Fun fact: I met Bill for the first time because I found myself interviewed (to my great surprise) on his podcast Ardanlabs Podcast in 2023, and it was a really fun moment.

Today, we're going to see how to build our first projects with Kronk.

Prerequisites

Installing dependencies

You'll need to have installed the libraries necessary for using Yzma (for installation and usage, see the previous article: Installing and Using Yzma on a Jetson Orin Nano).

Note: you don't need to have a Jetson Orin Nano to use Kronk and Yzma, even though it's the platform I use for my tests. The dependencies also exist for other platforms, which you can find listed here: support.

Download a model

You'll need a model in GGUF format to do your tests with Kronk. My favorite model is Qwen2.5:0.5b which you can find on Hugging Face:

mkdir first-steps-with-kronk
cd first-steps-with-kronk
curl -L -o qwen2.5-0.5b-instruct-q4_k_m.gguf --progress-bar https://huggingface.co/Qwen/Qwen2.5-0.5B-Instruct-GGUF/resolve/main/qwen2.5-0.5b-instruct-q4_k_m.gguf?download=true

First project with Kronk: simple completion

We're going to do a "first completion" with Kronk using the model we just downloaded.
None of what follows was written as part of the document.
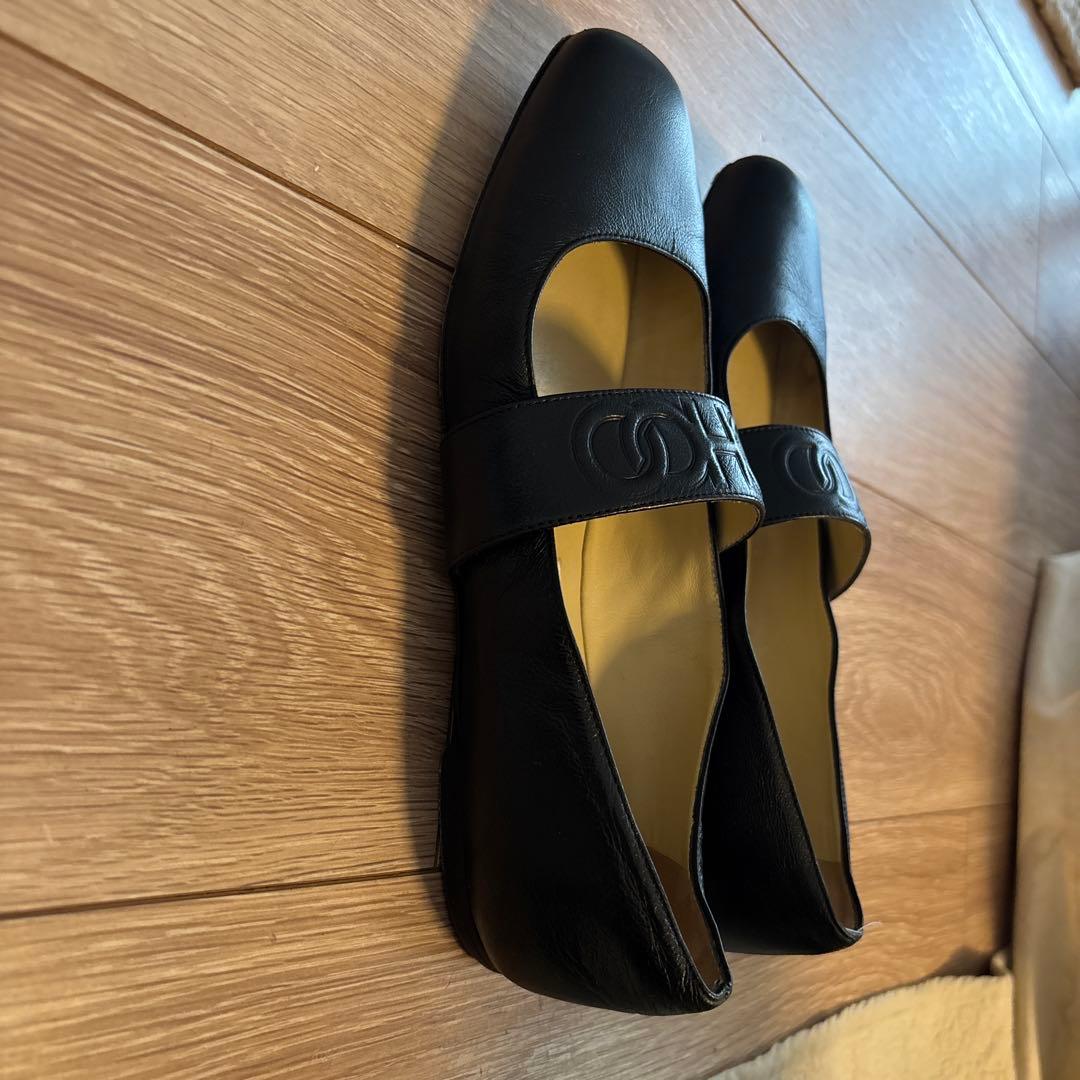 JIMMY CHOO ブラック フラットシューズ 36 1/2 - メルカリ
But first, we need to initialize our Go module and add the Kronk dependency:

go mod init first-steps-with-kronk
go get github.com/ardanlabs/kronk@v0.25.0
touch main.go

Then create the main.go file with the following content: main.go

package main

import (
    "context"
    "fmt"
    "log"
    "os"
    "strings"
    "time"

    "github.com/ardanlabs/kronk"
    "github.com/ardanlabs/kronk/model"
)

func main() {
    // Step 1️⃣
    ctx, cancel := context.WithTimeout(context.Background(), 120*time.Second)
    defer cancel()

    // Step 2️⃣
    modelFile := "./qwen2.5-0.5b-instruct-q4_k_m.gguf"
    libPath := os.Getenv("YZMA_LIB")

    // Step 3️⃣
    // Initialize Kronk
    err := kronk.Init(libPath, kronk.LogSilent)
    if err != nil {
        log.Fatal("😡 Error initializing Kronk:", err)
    }

    // Step 4️⃣
    // modelInstances represents the number of instances of the model to create.
    // Unless you have more than 1 GPU, the recommended number of instances is 1.
    const modelInstances = 1

    modelConfig := model.Config{
        ModelFile: modelFile,
    }
    // Create a new Kronk inference model
    krn, err := kronk.New(modelInstances, modelConfig)
    if err != nil {
        log.Fatal("😡 Unable to create inference model:", err)
    }
    defer krn.Unload(context.Background())

    // Step 5️⃣
    data := model.D{
        "messages": model.DocumentArray(
            model.ChatMessage("system", "You are a helpful assistant, expert in Star Trek."),
            model.ChatMessage("user", "Who is Jean-Luc Picard?"),
        ),
    }
    params := model.Params{
        Temperature: 0.0,
        TopP:        0.9,
    }

    // Step 6️⃣
    response, err := krn.Chat(ctx, params, data)

    if err != nil {
        log.Fatal("😡 Chat:", err)
    }

    // Step 7️⃣
    // Print the response
    fmt.Println(strings.Repeat("-", 60))
    fmt.Println(response.Choice[0].Delta.Content)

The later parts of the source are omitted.